Google will enforce its Certificate Transparency initiative next October, expecting site credentials to comply with its policies in order to to be trusted by the popular Chrome web browser.
The Certificate Transparency initiative aims to sort out structural flaws in the Secure Sockets Layer/Transport Layer Security (SSL/TLS) crypto system.
Chrome is currently the world's most popular web browser, with over a half of the globe's internet users favouring it over Microsoft's Internet Explorer, Mozilla Firefox and other browsers.
Google engineer Ryan Sleevi announced the policy update on an internet forum.
"This is a significant step forward in the online trust ecosystem. The investments made by CAs adopting CT, and Chrome requiring it in some cases, have already paid tremendous dividends in providing a more secure and trustworthy internet," Sleevi said.
"The use of Certificate Transparency has profoundly altered how browsers, site owners, and relying parties are able to detect and respond to misissuance, and importantly, gives new tools to mitigate the damage caused when a CA no longer complies with community expectations and browser programs."

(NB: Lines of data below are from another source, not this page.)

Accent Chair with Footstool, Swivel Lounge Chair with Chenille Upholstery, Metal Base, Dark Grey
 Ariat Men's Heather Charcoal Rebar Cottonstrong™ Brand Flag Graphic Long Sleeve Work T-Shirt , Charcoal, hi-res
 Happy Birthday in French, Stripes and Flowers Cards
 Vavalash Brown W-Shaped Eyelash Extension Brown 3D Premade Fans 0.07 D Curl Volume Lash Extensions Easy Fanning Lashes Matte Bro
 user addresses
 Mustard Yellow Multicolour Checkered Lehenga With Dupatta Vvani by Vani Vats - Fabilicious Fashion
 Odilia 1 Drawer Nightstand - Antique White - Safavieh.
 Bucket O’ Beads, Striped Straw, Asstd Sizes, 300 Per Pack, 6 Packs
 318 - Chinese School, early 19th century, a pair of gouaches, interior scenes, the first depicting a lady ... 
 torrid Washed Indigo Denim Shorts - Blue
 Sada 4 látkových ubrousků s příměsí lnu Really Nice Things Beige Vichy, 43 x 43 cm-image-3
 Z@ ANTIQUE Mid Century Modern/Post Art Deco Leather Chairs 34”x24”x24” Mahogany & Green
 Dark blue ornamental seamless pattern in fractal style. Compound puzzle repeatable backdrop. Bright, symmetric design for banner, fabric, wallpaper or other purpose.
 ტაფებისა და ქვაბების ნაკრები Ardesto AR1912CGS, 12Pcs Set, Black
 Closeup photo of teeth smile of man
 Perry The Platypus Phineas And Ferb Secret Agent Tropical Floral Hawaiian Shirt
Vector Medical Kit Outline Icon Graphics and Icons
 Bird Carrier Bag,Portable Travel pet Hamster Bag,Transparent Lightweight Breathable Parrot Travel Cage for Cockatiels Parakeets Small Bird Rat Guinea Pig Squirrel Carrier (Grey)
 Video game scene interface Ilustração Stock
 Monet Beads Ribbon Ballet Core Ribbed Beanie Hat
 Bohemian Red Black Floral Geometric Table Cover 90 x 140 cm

Sites not compliant with the Certificate Transparency initiative will be flagged by Chrome as dangerous and blocked by an interstitial. This includes sites that use stolen, misconfigured or otherwise incorrect certificates.
The online giant pointed to a Malaysian certificate authority mistakenly issuing 22 weak SSL certificates that could be used to impersonate sites as an example of the need for the change in policy.
Similarly, it noted that TrustWave had issued subordinate credentials of root certificates, allowing a customer to monitor internet traffic through a man in the middle attack.